Being quantitative, the “relative economic size” criterion is comparable to the criteria used to delimitate the product system (cut-off criteria mass, energy and environmental impact). At this point in time, the delimitation values (0.1% and 1%, respectively) are based on a rather small sample and thus show a certain ambiguity. More experience on the basis of case studies is required to verify or falsify (and adjust) the delimitation values proposed in this paper. Nevertheless, the concept proves to be both a practical and relevant criterion. The case study of the French and European electricity mixes shows that a distinction of different decision contexts is required and feasible. Using official statistical information and published forecasts issued by the relevant industrial associations or governmental bodies significantly reduces the potential bias related to the determination of possible change-oriented electricity mixes.

6 Recommendations and perspectives

The relative economic size of the object of investigation is a quantified criterion to decide on the most appropriate modelling approach in life cycle inventory. It is recommended to apply the criterion in the goal and scope phase of any LCA and to apply it on the production volume on the one hand and on purchase volumes on the other. Production and purchase volumes can be expressed in either economic or physical quantities and be related to the totals of economic sectors or political entities such as nations or international organisations.

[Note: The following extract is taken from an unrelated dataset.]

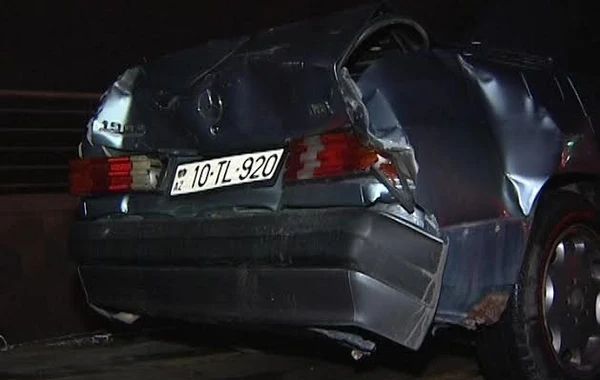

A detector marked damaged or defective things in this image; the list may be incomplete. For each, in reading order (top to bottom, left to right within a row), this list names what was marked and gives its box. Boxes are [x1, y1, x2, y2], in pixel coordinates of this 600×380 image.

The delimitation values 0.1% and 1.0% are defined based on a very limited set of cases of the financial sector. Thus, more experience is needed to confirm or eventually adjust the delimitation values. Furthermore, the limits should not be applied too strictly (0.11%, decisional; 0.09%, attributional) but with a certain flexibility. Flexibility would mean in this context to perform the LCA using two approaches in case of an ambiguous relative economic size of the object of investigation.

The present paper deals with the appropriate modelling approach illustrated with the electricity mix. The electricity sector is only one of many sectors where the choice of the modelling approach may reveal important differences in the overall environmental impacts. Thus, it is worthwhile to extend the concept presented in this paper to other economic sectors such as agriculture, mining or paper and pulp. This would help to continuously build up a decisional LCI database that contributes to more appropriate LCI models used in decision support in industry and public administration.